A few years ago I expanded this BPS research to estimate capital stock in Indonesia in the long run, and to use these estimates to approximate TFP growth in Indonesia during 1880-2008. It turned out that increasing capital stock explained 62 percent of GDP growth, and the mobilization of people in gainful employment combined with improvements in education a further 31 percent, leaving just 6 percent for TFP growth.

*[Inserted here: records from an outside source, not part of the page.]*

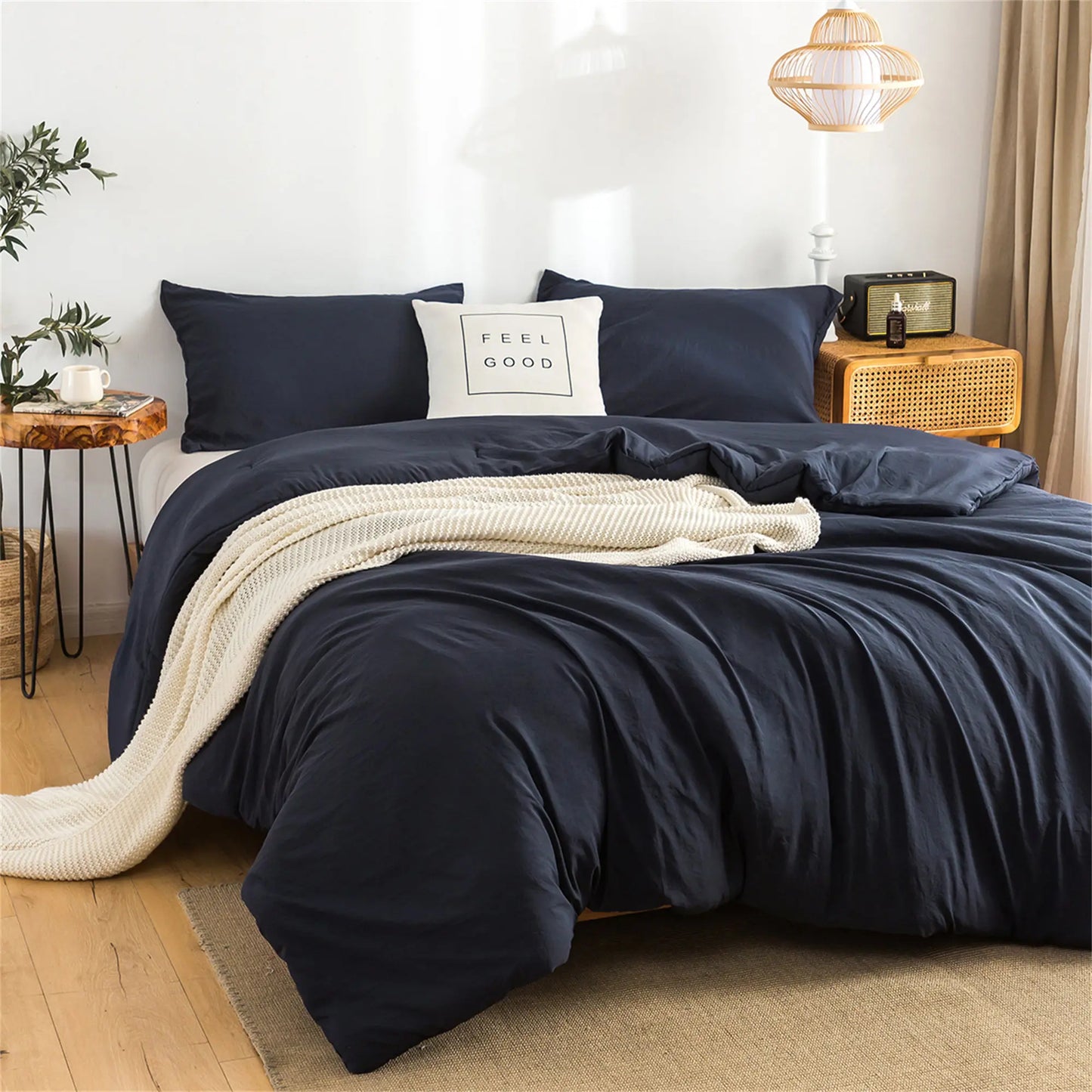 Soft Reversible Bedding Comforter Set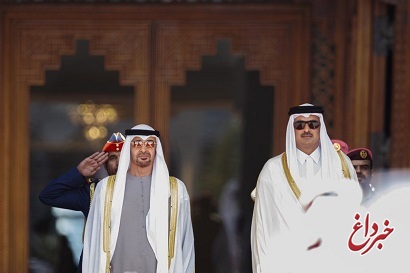 اولین سفر بن زاید به دوحه بعد از پایان تحریم قطر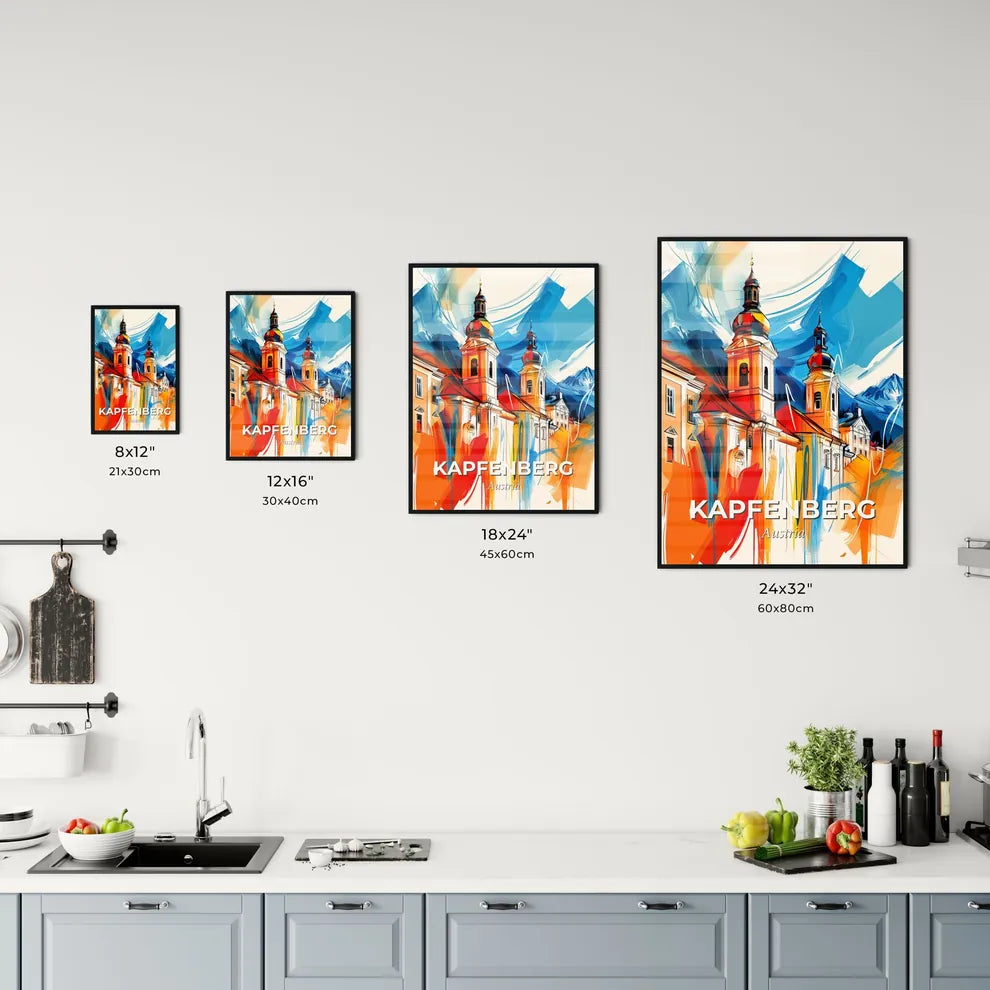 Vibrant Kapfenberg, Austria Kitchen Art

But there were phases with significant TFP growth spurts: 1933-1941, 1951-1961, 1967-1974 and 2000-2008. Each was short, and came after a period of economic crisis: the early 1930s, the mid-1940s, the mid-1960s and 1997-1998. Following each crisis, capital formation (investment) slowed and producers were required to be innovative and make the most of the people they employed and the capital they mustered. It was very different to the 1880-1929 and 1975-1997 periods when TFP growth was negative, although economic growth was positive, especially during the Suharto era.
Using recent national accounts data from the BPS to update these estimates, it now turns out that TFP growth explains an unprecedented 29 percent of GDP growth during 2000-2015. This is at a time when capital formation has been at an all-time high of 32 percent of GDP during 2010-2015. It is difficult to see it go much higher than that.
Nevertheless, the growth of capital stock is around 5-6 percent per year, no longer the 11-12 percent seen during the Suharto years. At the same time, employment growth is slowing due to decreasing population growth since the 1980s, and improvements in educational attainment remain slow but gradual. In other words, Indonesia’s economic growth may be held back by productivity growth, but productivity growth in the country has actually been at historically unprecedented levels during 2000-2015.
It may be good to look more closely at what sustained this productivity growth in Indonesia during these 15 years, rather than harp on that it is too low. For example, it is often forgotten that most of Indonesia’s economic growth is driven by the growth of domestic demand, rather than foreign demand for Indonesian products. And that most companies meeting increased domestic demand are Indonesian companies, rather than foreign firms operating in Indonesia. Indonesian firms rely on each other to produce and deliver the increasing amounts of goods and services that Indonesian end users are buying, creating new employment in the process.
Somehow, companies in Indonesia find ways to overcome the difficulties that cause Indonesia to languish in the bottom half of countries in the World Bank’s Doing Business project. How do those companies overcome credit constraints, transportation and infrastructure shortcomings, bureaucracy, etc., and what policy-relevant lessons can be drawn? Answers to such questions may foster productivity and economic growth, rather than vague calls for technological change and productivity growth.